By the end of May 2023, the national mood was exhaustion. Crisis after crisis had drained public attention. Inflation, shootings, political theater, erosion of rights—it all blurred into fatigue. That exhaustion was not incidental. It was cultivated.
Authoritarian systems thrive on overwhelming the public with stimuli. Too many crises at once create paralysis. People retreat, tune out, or choose selective focus just to survive. This diffusion of outrage is itself a political weapon. The more exhausted the public becomes, the easier it is to slip consequential changes into the background.

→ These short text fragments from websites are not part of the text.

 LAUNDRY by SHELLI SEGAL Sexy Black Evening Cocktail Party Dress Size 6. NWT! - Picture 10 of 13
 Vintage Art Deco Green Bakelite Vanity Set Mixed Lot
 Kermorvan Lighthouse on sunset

May 2023 offered a clear example. While headlines tracked the debt ceiling standoff, other measures advanced almost unnoticed: state rollbacks on reproductive rights, new barriers on voting, bills aimed at restricting public education. Each one significant. Each one capable of reshaping civic life. But in the haze of fatigue, their passage barely registered.
Exhaustion also undermines solidarity. People who might otherwise mobilize together become isolated, each too consumed with their own corner of crisis to connect the dots. Fragmentation is power’s oldest ally. If the public can be made to feel that resistance is futile—or simply too tiring—the outcome is already decided.

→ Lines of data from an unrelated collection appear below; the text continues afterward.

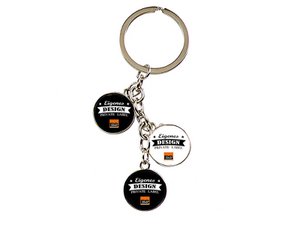 Key trailer around metal 10cm, with 3 round followers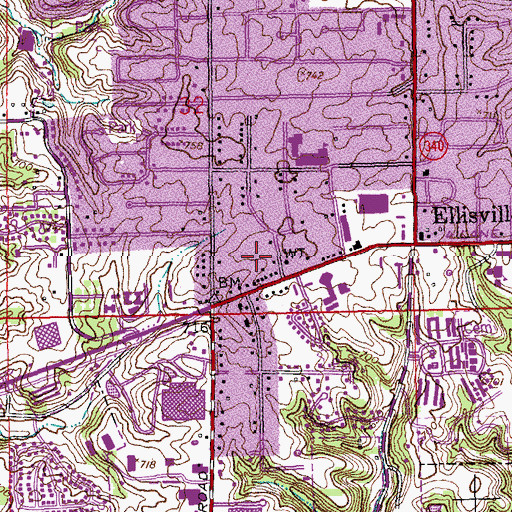 Topographic Map of Central County Dispatch Fire and Emergency Services, MO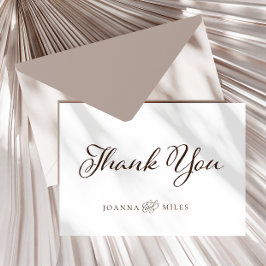 書エレガント道ニュートラル結婚モノグラム サンキューカード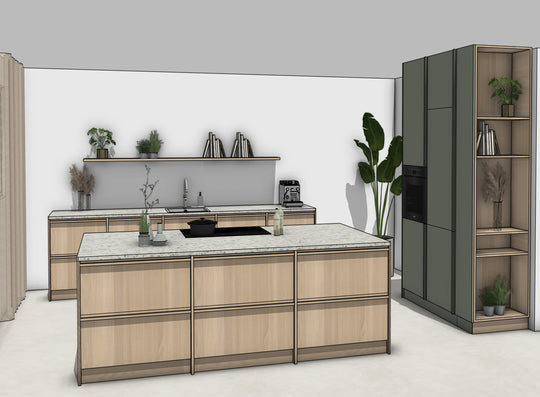 Ratio - Compositie 17 voor Kitchenplanner Kastcombinatie Houtmerk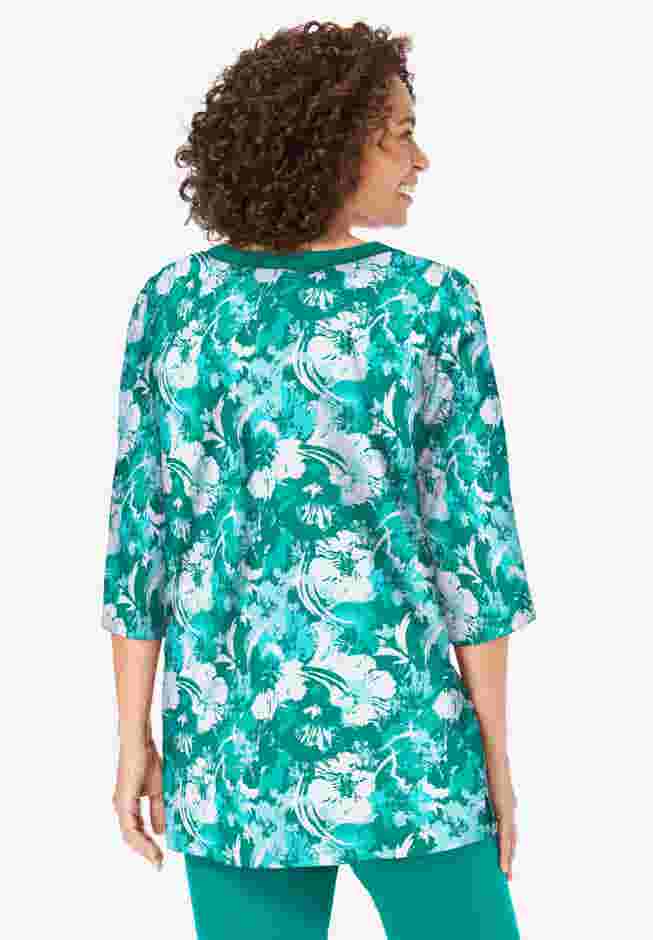 7-Day Three-Quarter Sleeve Grommet Notch Tunic image number 1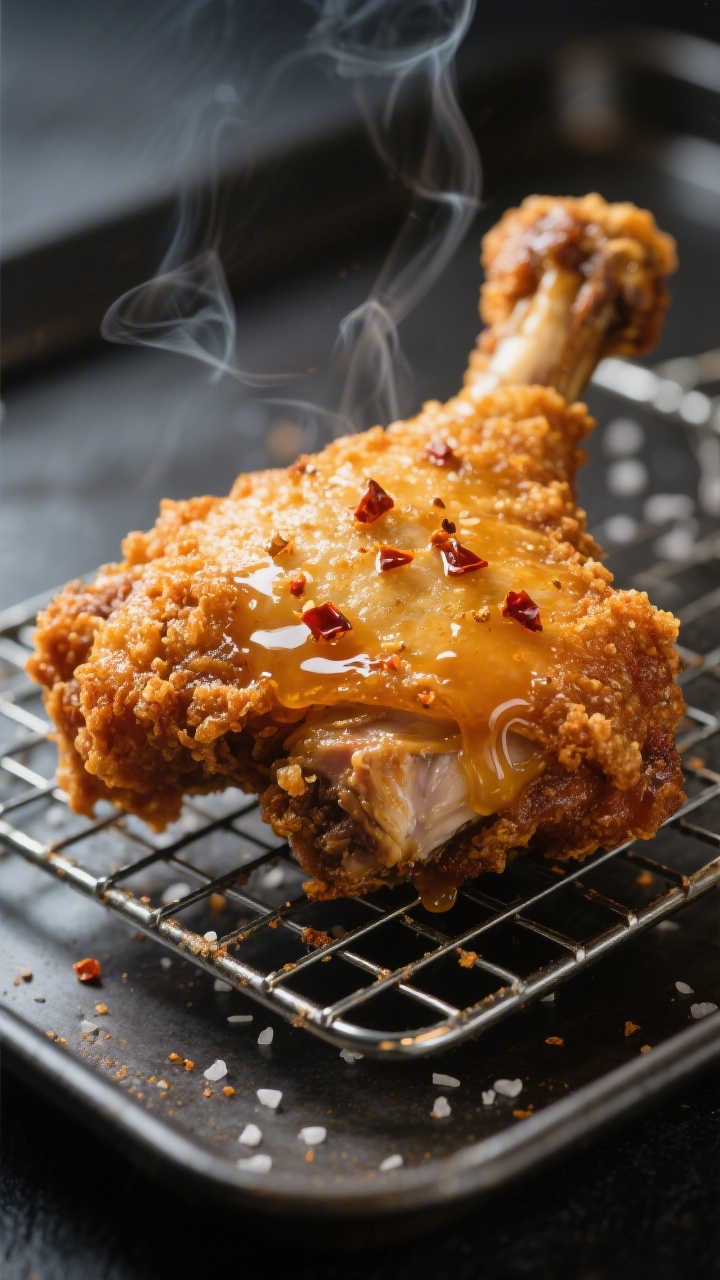 Close-up detail: A freshly fried drumstick and thigh resting on a wire rack, deep golden, extra-crag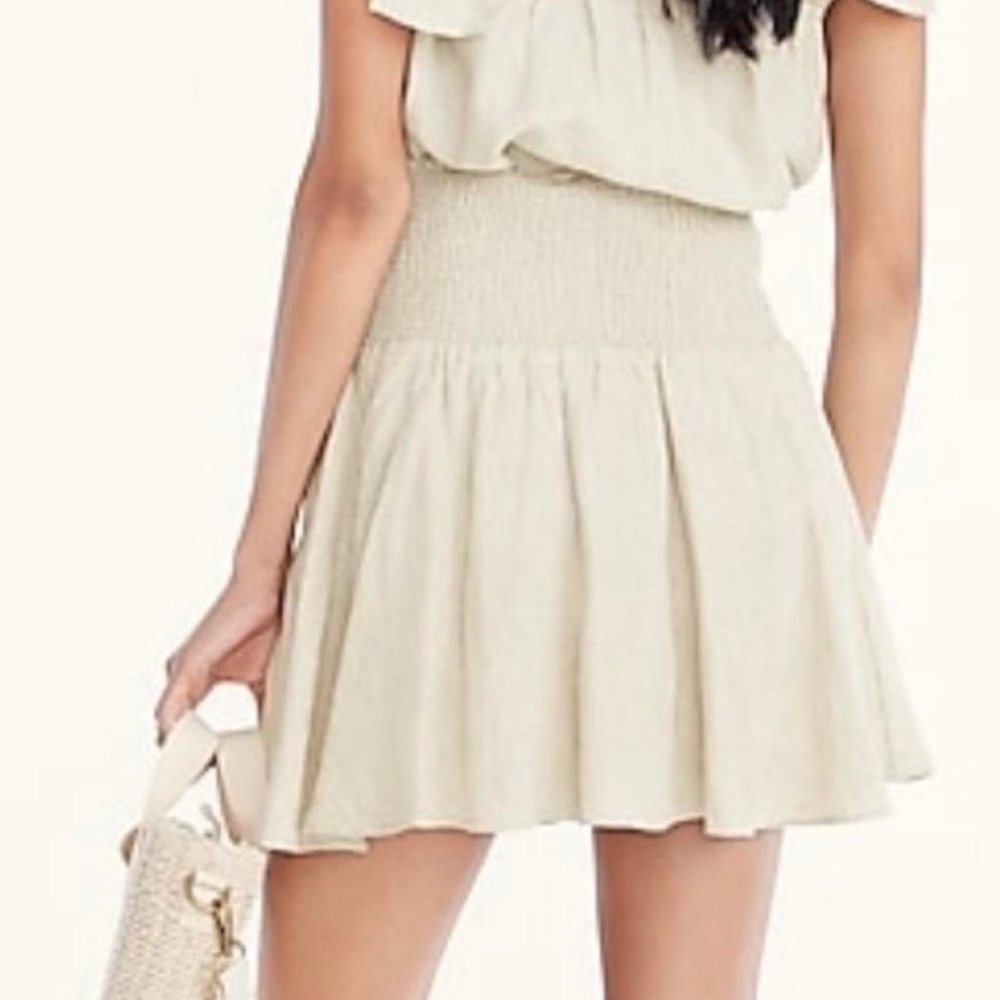 EUC - J. Crew Smocked-waist linen mini skirt - Size MT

Yet exhaustion is not destiny. Throughout history, moments of deepest fatigue have also given rise to breakthroughs. The reason is simple: when people grasp that disengagement is surrender, fatigue becomes intolerable. Action becomes the only way to reclaim agency. The test is whether society recognizes exhaustion for what it is—not a natural condition, but a manufactured strategy.
By May 2023, the question was no longer whether Americans could endure the barrage. They already had. The question was whether they would see through the strategy of exhaustion itself, and refuse to cede their future in the haze of fatigue.